What to work on | Repeat only the stretch of lines below that runs from the line with "YURT BİNASINDAN DÜŞEREK" through the line with "15 Indian Rd", unaltered.
Start of Provided entries
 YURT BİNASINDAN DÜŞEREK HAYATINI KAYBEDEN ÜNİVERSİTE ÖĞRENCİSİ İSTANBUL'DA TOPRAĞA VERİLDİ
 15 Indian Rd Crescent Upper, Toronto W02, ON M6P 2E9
End of Provided entries
Start of Provided entries
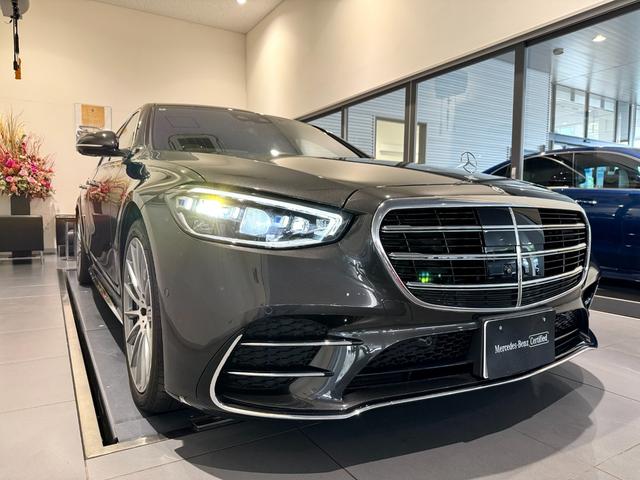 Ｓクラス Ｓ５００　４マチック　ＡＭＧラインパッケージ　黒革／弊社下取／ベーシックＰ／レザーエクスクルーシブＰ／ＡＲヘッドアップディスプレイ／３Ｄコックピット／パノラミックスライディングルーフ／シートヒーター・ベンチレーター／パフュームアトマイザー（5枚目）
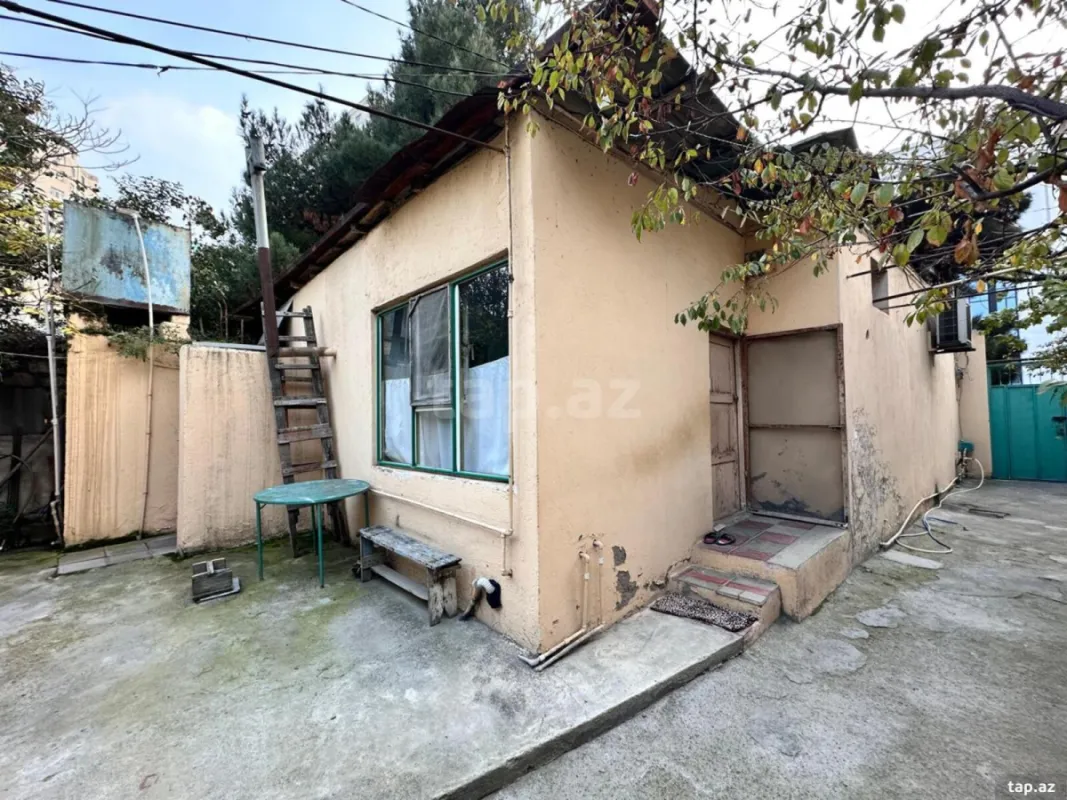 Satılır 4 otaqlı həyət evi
End of Provided entries
Written response |
 YURT BİNASINDAN DÜŞEREK HAYATINI KAYBEDEN ÜNİVERSİTE ÖĞRENCİSİ İSTANBUL'DA TOPRAĞA VERİLDİ
 15 Indian Rd Crescent Upper, Toronto W02, ON M6P 2E9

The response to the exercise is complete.